# Wakefield ABC Regal Cinema - July 08



## freebird (Sep 6, 2008)

This was the last explore on a list of 3 sites during a Wakefield area road trip. The Wakefield Regal Cinema first opened in Dec 1935 and was designed by William R Glen III, the architect employed by Associated British Cinemas. This was one of his first designs and is typical Art Deco style and seated 1,594 people. The Cinema is a proscenium theatre complete with its own arch and in the beginning held stage performances by the West Yorkshire Operatic Society amongst others as well as cinema showings! 
In 1962 the name changed to the Wakefield ABC and in Nov 1976 it became a three screened cinema: Screen 1 having 532 seats, screen 2 having 236 seats and screen 3 having 170 seats. The cinema later known as the cannon finally closed in 1997 a year after a large cinema complex opened its doors in Wakefield!

After making our way through the murky waters of the flooded ABC cinema we encountered strange noises such as footsteps in water, banging doors and creaking sounds and crept around the place in order to discover the cinemas delights. Here are some pics:-







The Main Foyer






Screen 1 from up in the balcony. The proscenium archway in its full glory!






Eerie on the top of the balcony!






From the central entrance up towards Screen1 projection booth.






original brass pipework!






Staircase to Screen 1 projection booth.






Screen 1 projection booth.






The view of the balcony seats from Screen 1 stage. Screen 2's seats can be seen peeping through the collapsed wall of screen 2! The back of screen 3 is on the right.






Hooks at the side of screen 1 stage.






The loft space 40ft above the proscenium. Making our way across this was fun!











From inside looking towards where screen 2 once was!






Looking up towards screen 3's side of the joint projection booth.






Screen 2 & 3's joint projection booth.






Out through a projection booth window.






Battery room.






Out in to the night!






Some night shots of the surrounding area from the roof.

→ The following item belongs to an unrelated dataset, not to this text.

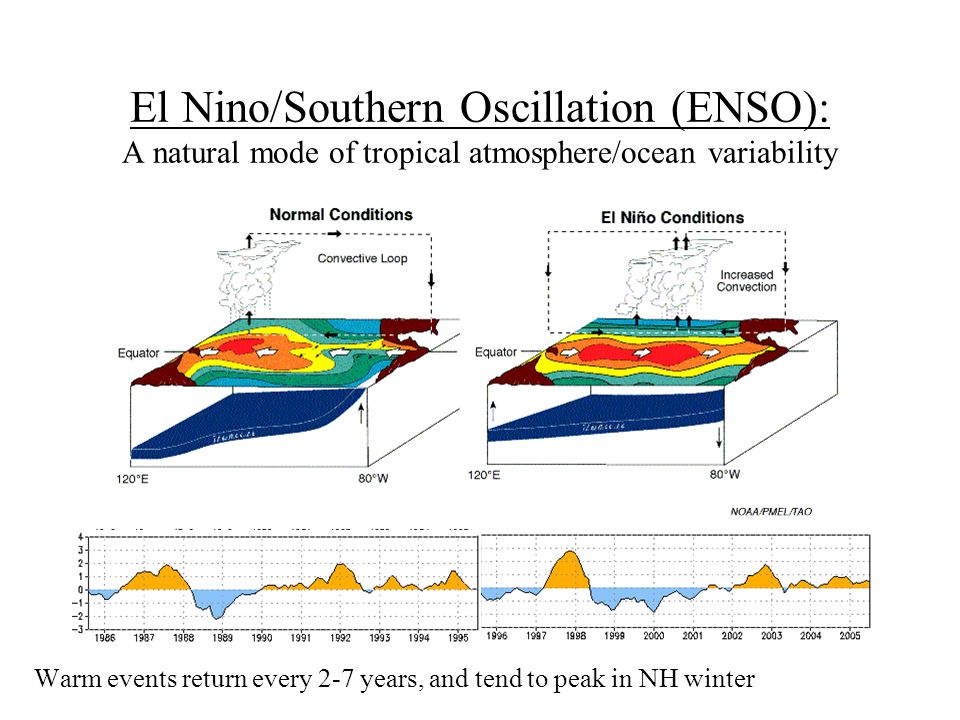 El Nino/Southern Oscillation (ENSO): A natural mode of tropical atmosphere/ocean variability Warm events return every 2-7 years, and tend to peak in NH winter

I thoroughly enjoyed this explore and hope you enjoyed my pics. Thanks for looking.


----------



## phill.d (Sep 6, 2008)

That lighting is superb. Probably the brightest, most even job i've seen in there. Top notch.
I'm glad you didn't get a shot of me asleep on the stage lol


----------



## freebird (Sep 6, 2008)

Thanks. No I didn't but I did have to make you disappear from one of the other shots though! LOL


----------



## the_grid (Sep 7, 2008)

Last time I saw the inside of that place was Toy Story when I was 10!!! Really good shots and nice bio. Noises sound a bit creepy though...


----------



## Cinema Dreamer (Jul 7, 2021)

Good report of a lovely place. Unfortunately this cinema has received its death warrant and the council seems to have gone deaf when ever the subject of alternative use is mentioned. A great shame as getting the old girl back to how she was would be relatively easy but apparently a car park would be much nicer, ahem!


----------